**Task to complete:**
In the entries below, find the line containing "Healthcare Consultation: A" and the line containing "Bright dining area". Copy those two lines and everything between them exactly, and only that.

-------- Listed records --------

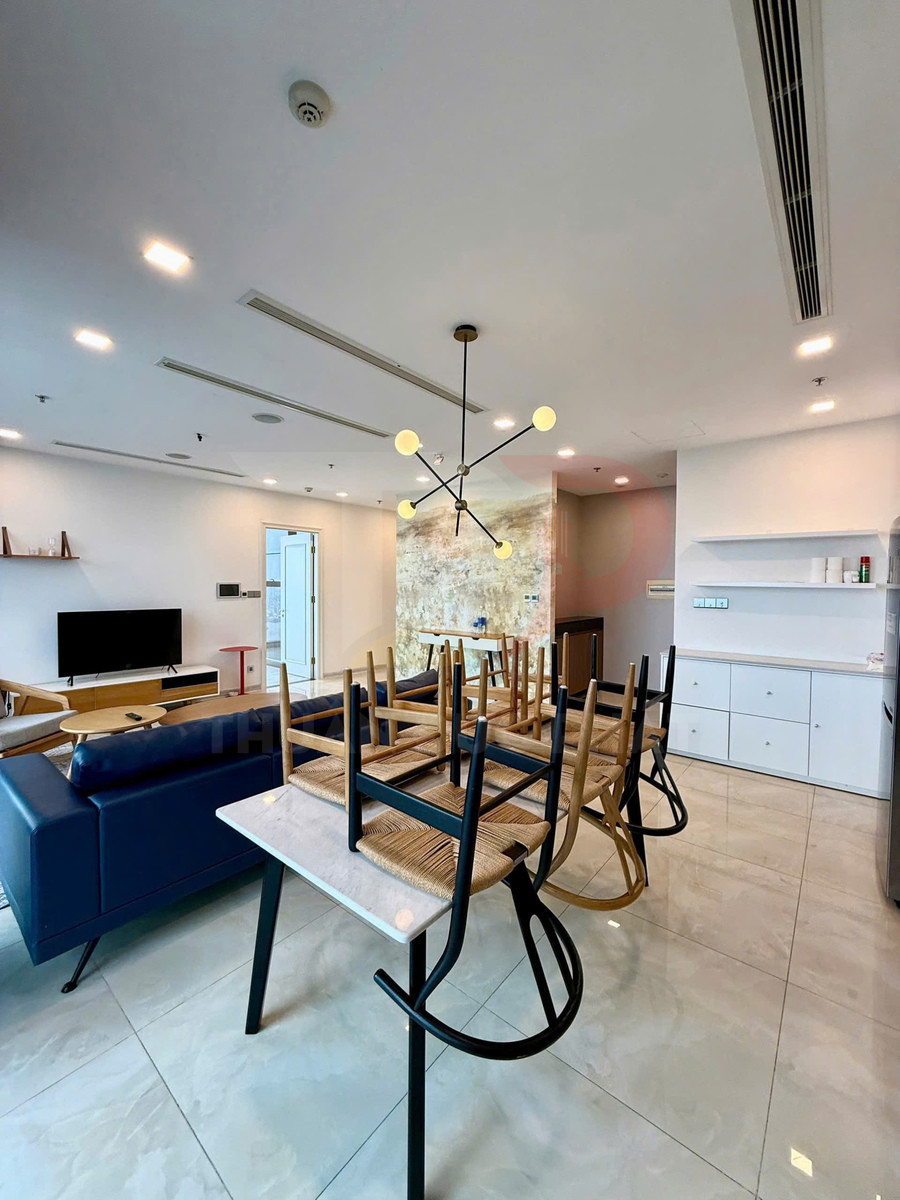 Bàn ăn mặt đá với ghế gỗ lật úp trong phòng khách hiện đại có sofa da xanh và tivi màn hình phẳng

--------
-------- Listed records --------

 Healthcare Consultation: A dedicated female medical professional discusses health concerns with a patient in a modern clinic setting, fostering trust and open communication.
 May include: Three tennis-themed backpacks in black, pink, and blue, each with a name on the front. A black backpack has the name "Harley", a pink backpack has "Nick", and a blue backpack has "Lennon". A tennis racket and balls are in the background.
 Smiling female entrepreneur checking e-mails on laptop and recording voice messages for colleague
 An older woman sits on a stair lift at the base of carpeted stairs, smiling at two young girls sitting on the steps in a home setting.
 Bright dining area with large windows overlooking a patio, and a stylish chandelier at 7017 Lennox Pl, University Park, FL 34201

--------
-------- Listed records --------

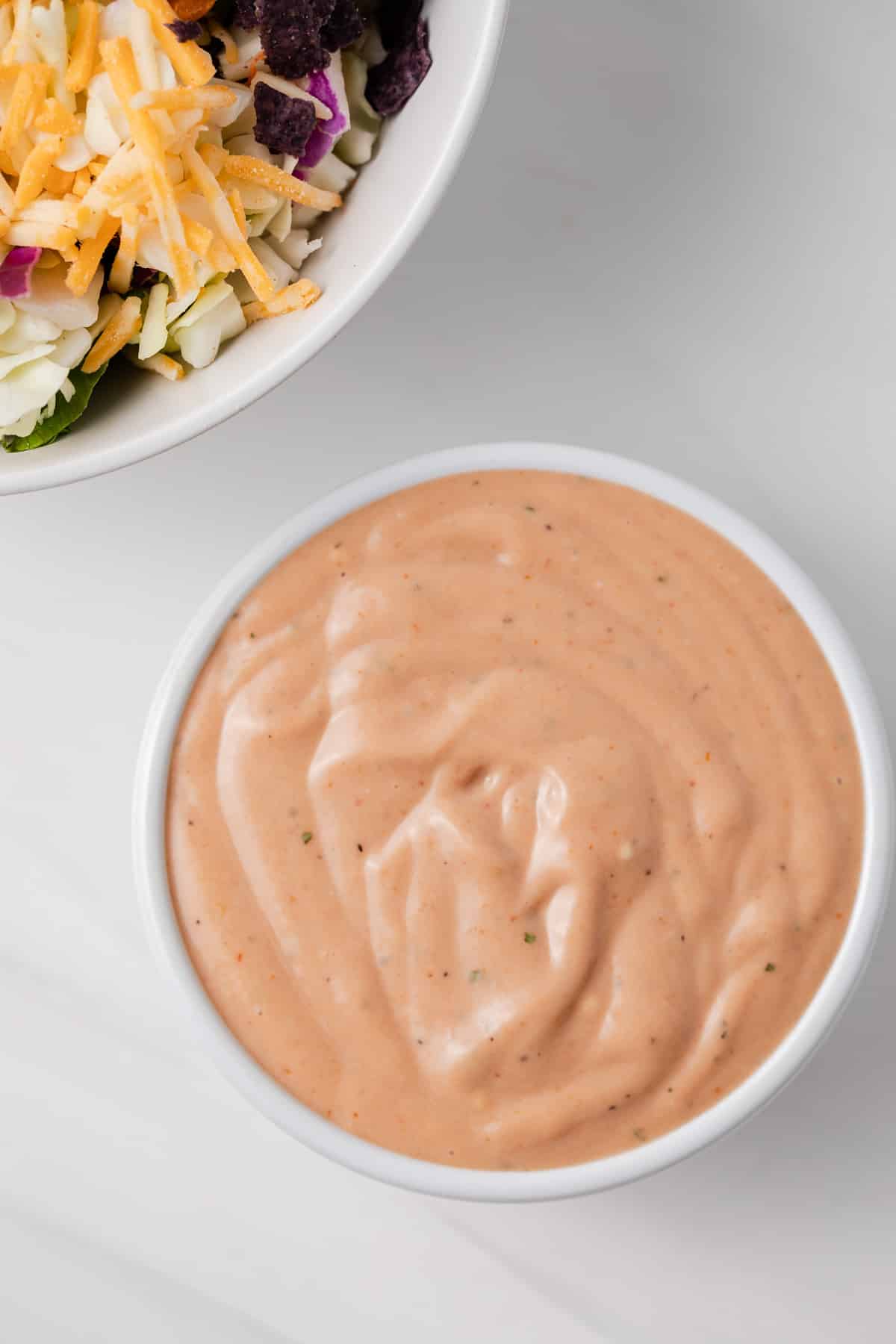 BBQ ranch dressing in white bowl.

--------

**Answer to this task:**
 Healthcare Consultation: A dedicated female medical professional discusses health concerns with a patient in a modern clinic setting, fostering trust and open communication.
 May include: Three tennis-themed backpacks in black, pink, and blue, each with a name on the front. A black backpack has the name "Harley", a pink backpack has "Nick", and a blue backpack has "Lennon". A tennis racket and balls are in the background.
 Smiling female entrepreneur checking e-mails on laptop and recording voice messages for colleague
 An older woman sits on a stair lift at the base of carpeted stairs, smiling at two young girls sitting on the steps in a home setting.
 Bright dining area with large windows overlooking a patio, and a stylish chandelier at 7017 Lennox Pl, University Park, FL 34201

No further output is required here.